Your task ▸ An exact copy of all the data is needed, with every picture left out.

Data section ▸
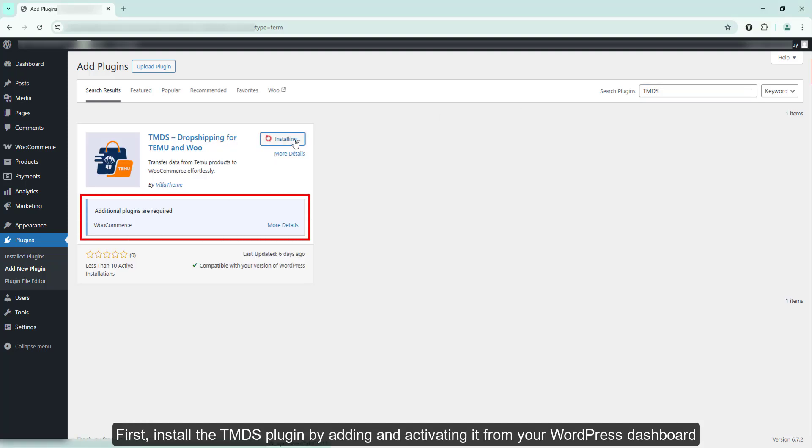First, install the TMDS plugin by adding and activating it from your WordPress dashboard.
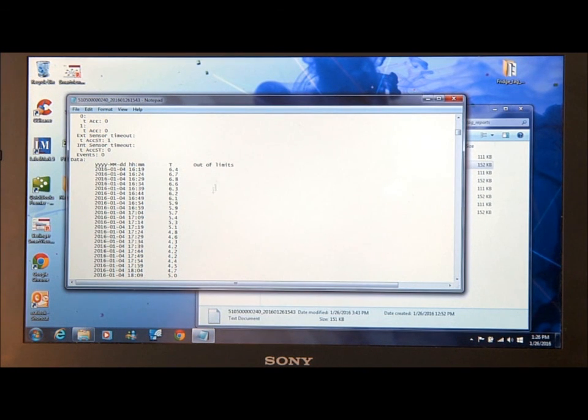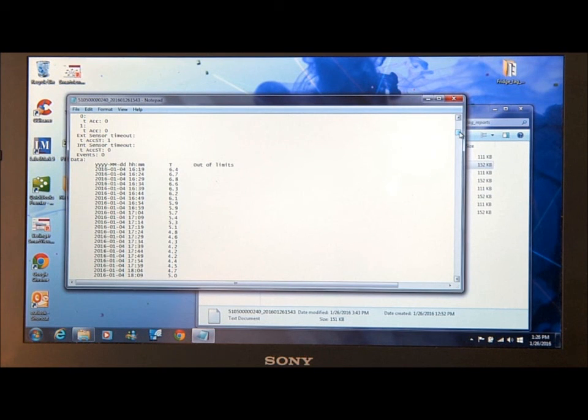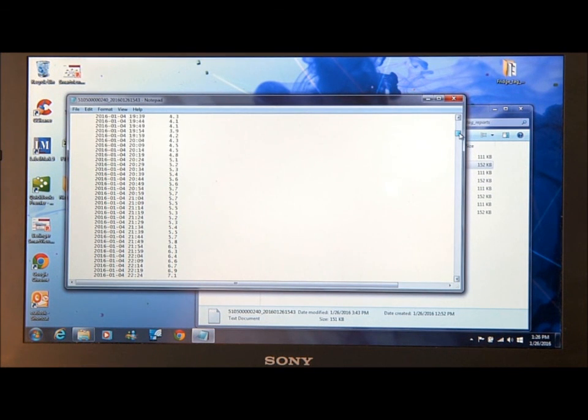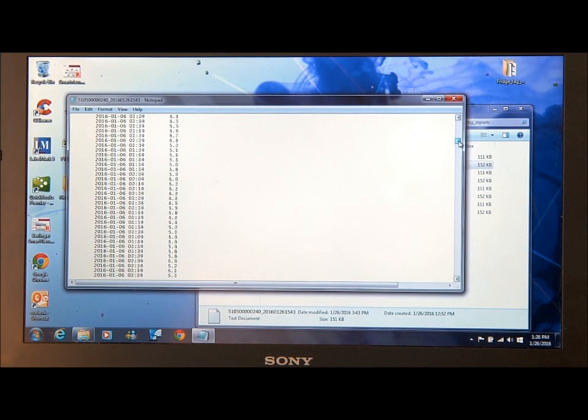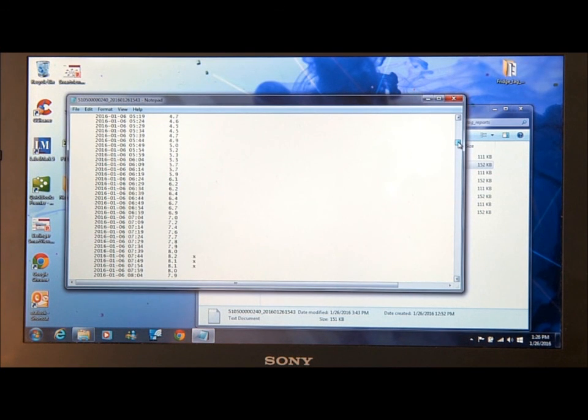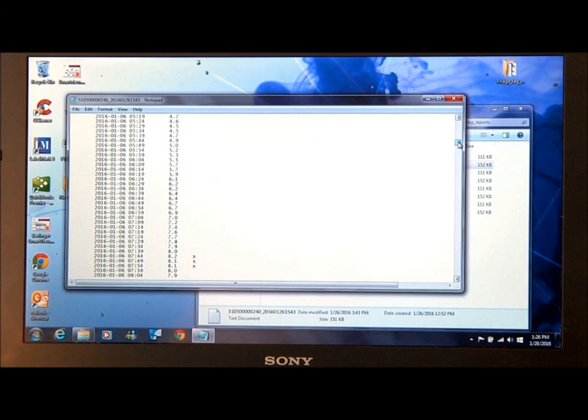There's also an out of limits column, which if you're looking for some alarm data, you go to the right and scroll down, and when you see an X as you see here.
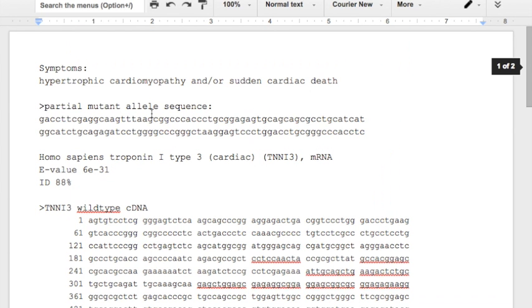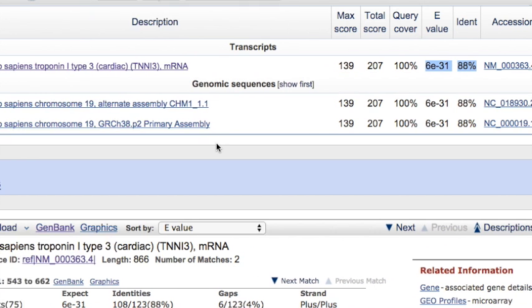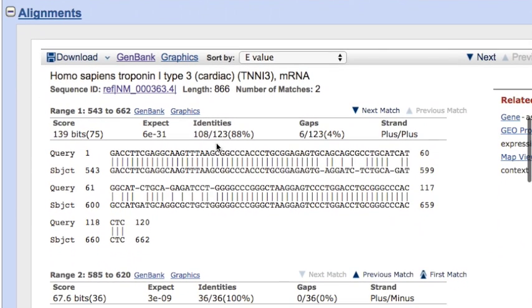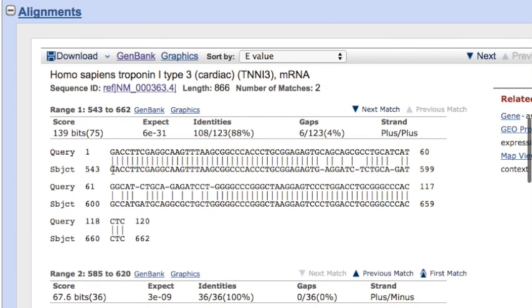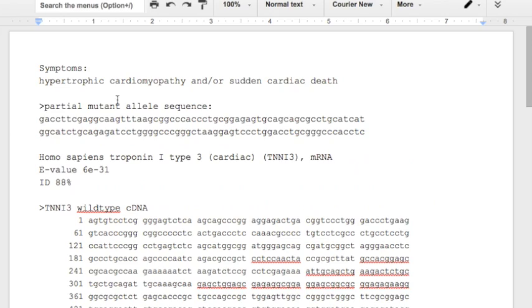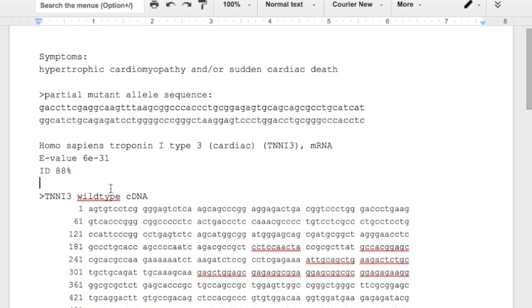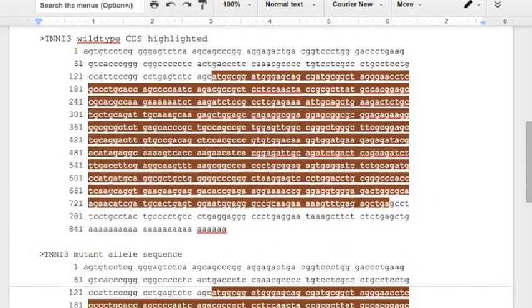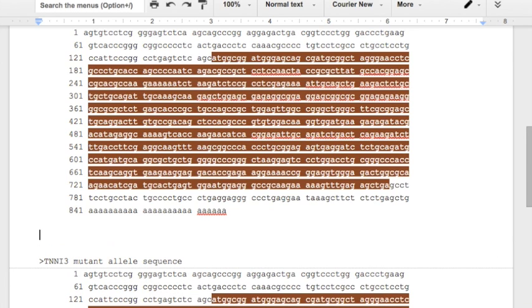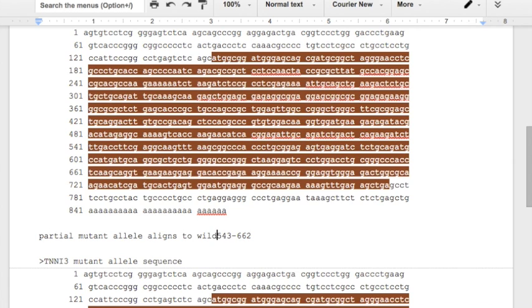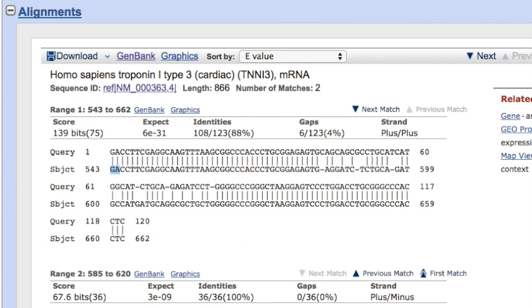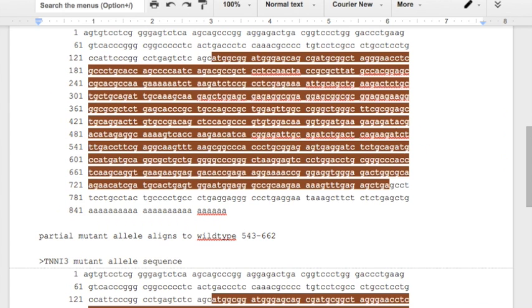First, we have this partial allele sequence, and we do know where this aligns to. If we go to our BLAST results, we can see that that sequence aligns to nucleotides numbers 543 all the way to 662 of the wild type sequence. So 543 to 662. Let me write that down really quickly. 543 to 662. Partial mutant allele aligns to wild type. Those nucleotides, let me double check that. And there we go.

Exercise solution ▸
First, install the TMDS plugin by adding and activating it from your WordPress dashboard.
There's also an out of limits column, which if you're looking for some alarm data, you go to the right and scroll down, and when you see an X as you see here.
First, we have this partial allele sequence, and we do know where this aligns to. If we go to our BLAST results, we can see that that sequence aligns to nucleotides numbers 543 all the way to 662 of the wild type sequence. So 543 to 662. Let me write that down really quickly. 543 to 662. Partial mutant allele aligns to wild type. Those nucleotides, let me double check that. And there we go.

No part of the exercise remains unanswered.